** Opening Source material block **

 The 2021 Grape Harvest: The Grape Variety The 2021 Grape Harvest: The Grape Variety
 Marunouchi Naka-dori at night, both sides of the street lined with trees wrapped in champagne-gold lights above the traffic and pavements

** Closing Source material block **
** Opening Source material block **

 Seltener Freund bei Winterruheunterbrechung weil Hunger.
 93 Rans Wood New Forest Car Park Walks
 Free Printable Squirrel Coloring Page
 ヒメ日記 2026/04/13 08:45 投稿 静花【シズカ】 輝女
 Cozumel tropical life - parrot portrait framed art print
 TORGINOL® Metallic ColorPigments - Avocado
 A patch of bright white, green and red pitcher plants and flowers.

** Closing Source material block **

Problem to work on.
Looking at the data above, write out exactly the lines that start at the one containing "The 2021 Grape Harvest: The Grape Variety The" and end at the one containing "Marunouchi Naka-dori at"; include both and nothing beyond.

Reply.
 The 2021 Grape Harvest: The Grape Variety The 2021 Grape Harvest: The Grape Variety
 Marunouchi Naka-dori at night, both sides of the street lined with trees wrapped in champagne-gold lights above the traffic and pavements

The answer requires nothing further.